Canada’s Wind Mobile has secured C$425m (US$311m) in financing to help fund its LTE rollout using Nokia equipment and services and to refinance existing debt. The two have also inked a five-year deal for Nokia to act as Wind’s sole network infrastructure provider for the the planned LTE deployment.
Canada’s Wind Mobile has secured C$425m (US$311m) in financing to help fund its LTE rollout using Nokia (HEL:NOKIA) equipment and services. The senior secured debt facility will also help refinance existing debt.
The new facility consists of multiple, delayed-draw tranches to fund both operational and network expansion, the Toronto-based cellco said in a statement.
Finnerva, the export credit agency of Finland, where Nokia is based, provided additional support for network purchases. TD Securities, BMO Capital Markets and Canadian Imperial Bank of Commerce acted as co-arrangers for the financing. Toronto-Dominion Bank also served as the lead arranger for the export credit-backed facility.
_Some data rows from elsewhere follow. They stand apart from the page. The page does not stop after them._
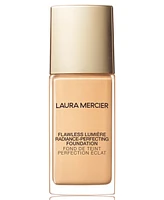 Laura Mercier Flawless Lumiere Radiance-Perfecting Foundation, 1-oz.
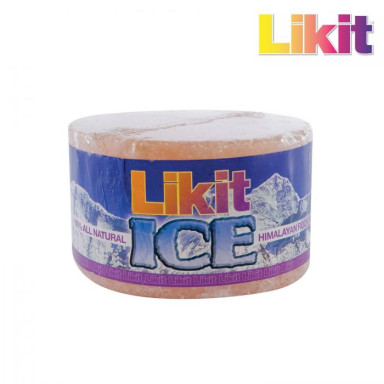 Likit Ice Himalayan Salt Lick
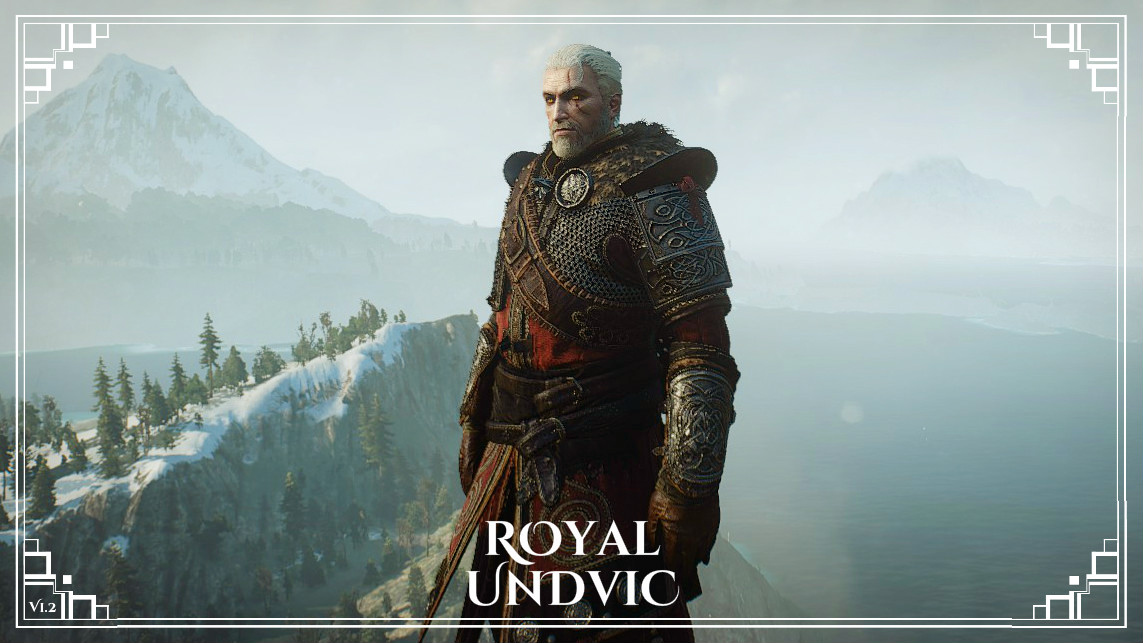 [Top 15] The Witcher 3 Best Mods For Armor Gamers Decide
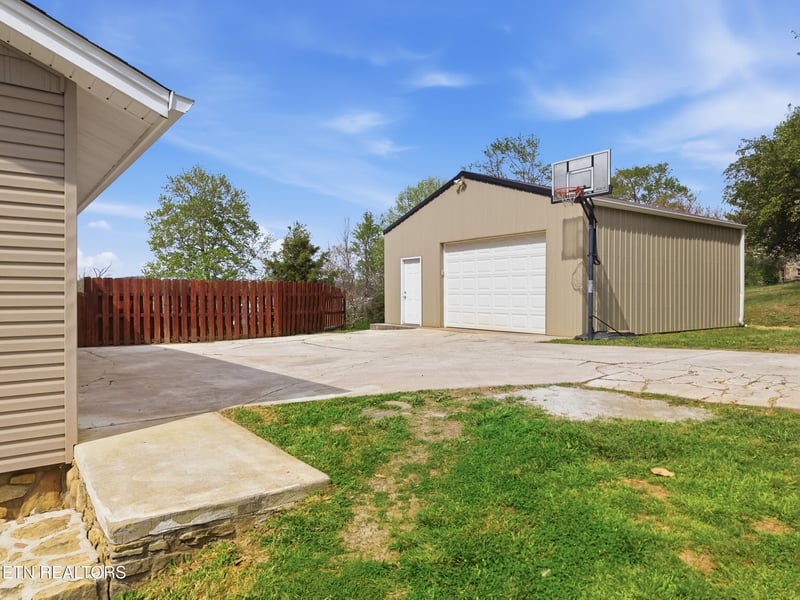 127 Evans Rd, Greenback, TN 37742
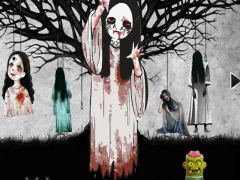 Scared Girl Rescue — free online game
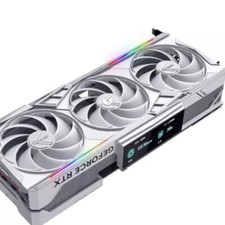 Colorful iGame-GeForce-RTX-4090-D-Vulcan-W Graphics Card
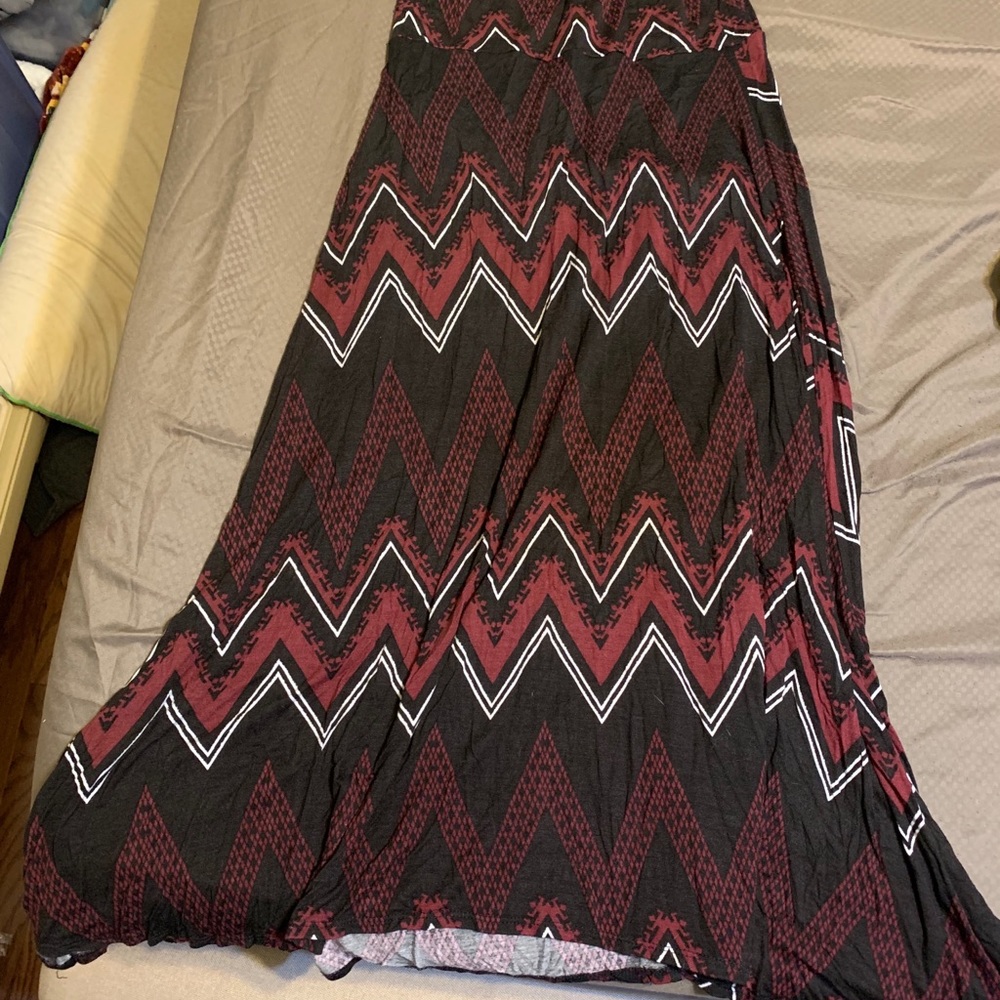 Honey & Lace Maxi Large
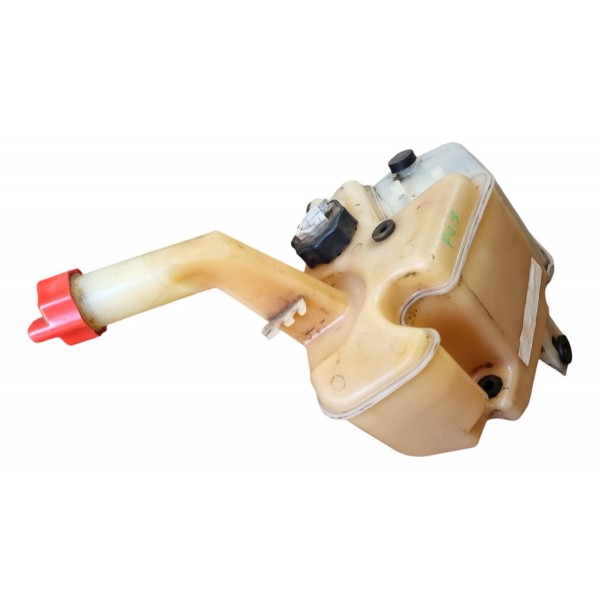 Reservatorio Gasolina Partida Frio Fiat Fiorino 2015 Cx488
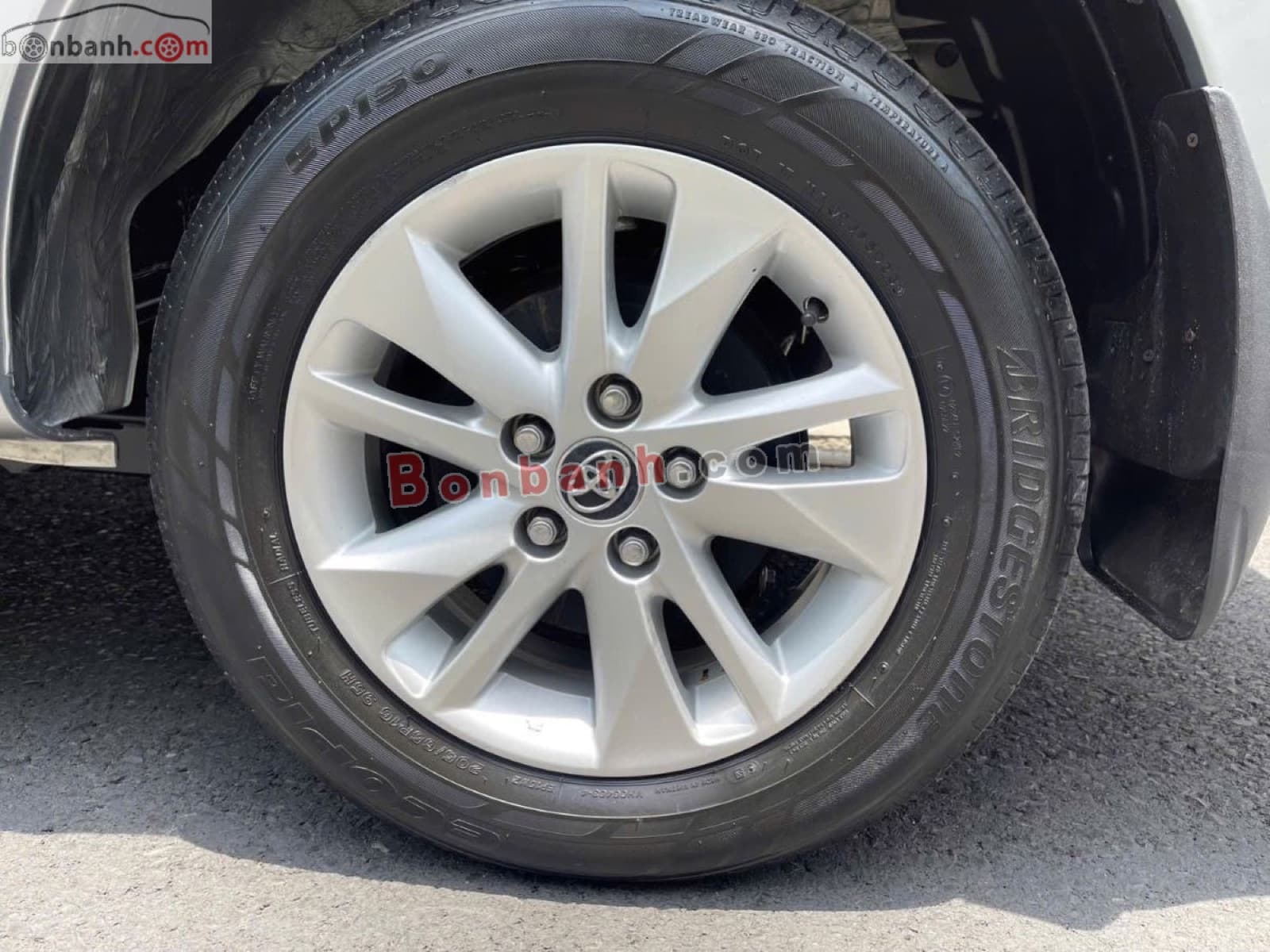 2019 Toyota Innova 2.0G - ảnh nhỏ 5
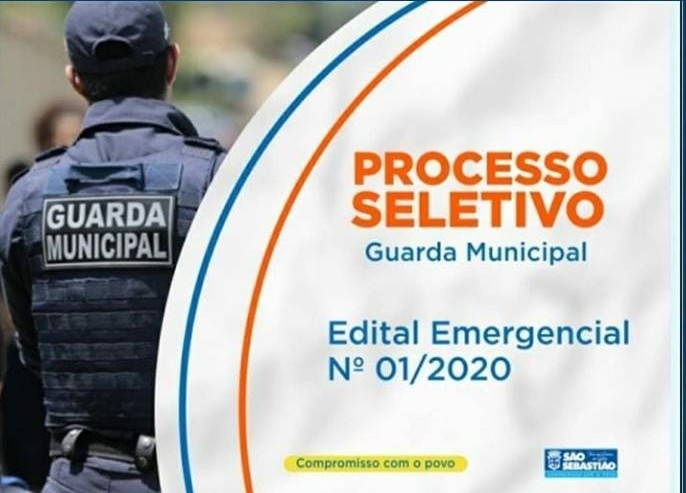 Sindguarda-AL denuncia processo seletivo irregular para GCM na cidade de São Sebastião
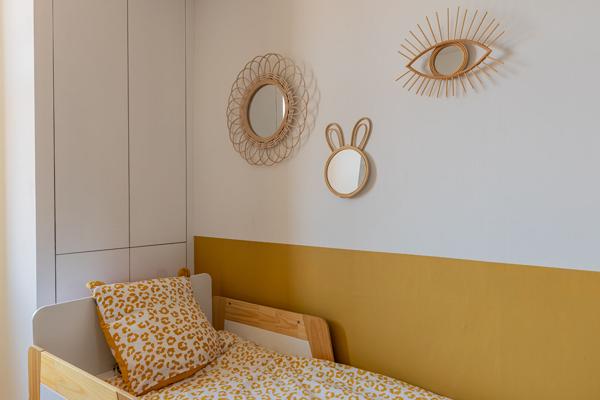 Appartement 4 pièces 102 m2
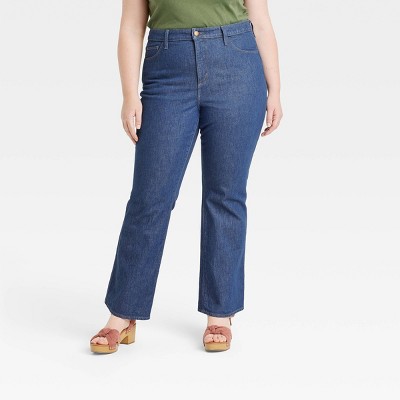 Boot Leg Jeans Target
Q Advisors acted as Wind’s financial adviser, while McMillan provided legal counsel.
Wind CFO noted that Q Advisors considered a variety of debt financing solutions before devising the now completed transaction.
Nokia Networks partnership
Wind, Canada’s fourth-largest mobile network operator, has also extended its partnership with Nokia Networks, inking a five-year deal which will see it serve as its sole network infrastructure provider and “innovation partner” for its planned LTE rollout.
Nokia’s ‘end-to-end’ solution will include network planning, implementation, optimisation and care. It will also provide cloud-based services such as systems integration for VoLTE and packet core deployment.
The two companies have worked together since Wind’s inception in 2009, and Nokia Networks executive VP of North America described their exclusive network infrastructure partnership as unique in the industry.
Wind CEO Alek Krstajic commented: “The combination of new financing, new spectrum acquired earlier this year and approved by the federal government, and with Nokia as a world-class technology partner, Wind fulfils the requirements to move to the next stage in its growth and network functionality.”
Wind secured LTE spectrum in Canada’s public auction earlier this year and, over the summer, acquired airwaves in a swap following larger rival Rogers’ takeover of Mobilicity and unused airwaves from Shaw Communications.
The telco, which operates in urban parts of Ontario, British Columbia and Alberta, plans to launch LTE by the end of 2016.
Barclays analyst Phillip Huang said Wind is unlikely to challenge the Big Three – Bell Canada, Rogers and Telus – in the near future.
“Wind’s focus is on improving network reliability rather than on coverage expansion,” he said. “While the launch of LTE by the end of 2016 should improve speeds, without any low-band spectrum, we do not expect Wind’s network will be strong enough to compete with/challenge the Big Three in the foreseeable future.”
A consortium of financial investors bought Wind from Russia-focused VimpelCom for C$135m (US$98.8m) in September 2014. The acquirers also assumed Wind’s debt obligations, which reportedly brought the deal value to about C$300m (US$219.5m).